Member of the Provincial Assembly of Khyber Pakhtunkhwa
- Incumbent
- Assumed office 31 May 2013
- Constituency: PK-23 Mardan-I, PK-24 (Mardan-II), PK-52
- In office 2008–2013
- In office 2013–2018

Personal details
- Born: 9 July 1967 (age 59) Mardan, Khyber Pakhtunkhwa, Pakistan
- Party: ANP (2008-present)
- Education: Government Post Graduate College Mardan Muslim Law College in Islamabad
- Occupation: Politician

= Ahmed Khan Bahadur =

Pakistani politician from Mardan (born 1967)
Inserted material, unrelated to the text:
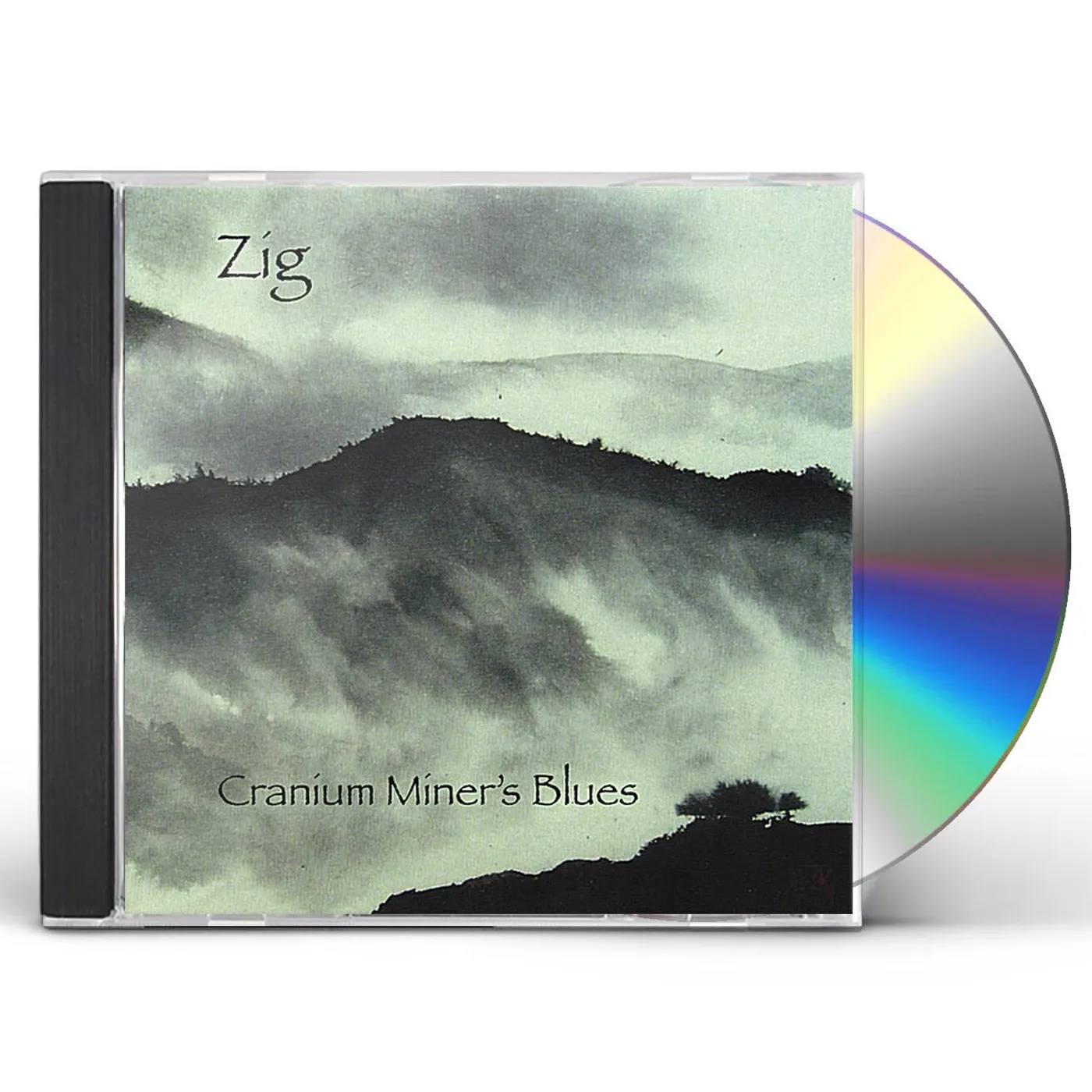 ZiG CRANIUM MINER'S BLUES CD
Ahmed Khan Bahadur (born 9 July 1967) is a Pakistani politician from Mardan who serves as a member of the Khyber Pakhtunkhwa Assembly belong to the Awami National Party (ANP). He also serves as committee member of the Standing Committee No. 28 (Science and Technology and Information Technology Department), the Standing Committee No. 36 (Relief, Rehabilitation and Settlement Department) and the Standing Committee No. 14 (Industries and Technical Education Department). He also served as a member of the Khyber Pakhtunkhwa Assembly in 2008, again in 2013, and for a third time in 2018.

He earned his BA degree from the Government Post Graduate College Mardan and his LLB from the Muslim Law College in Islamabad.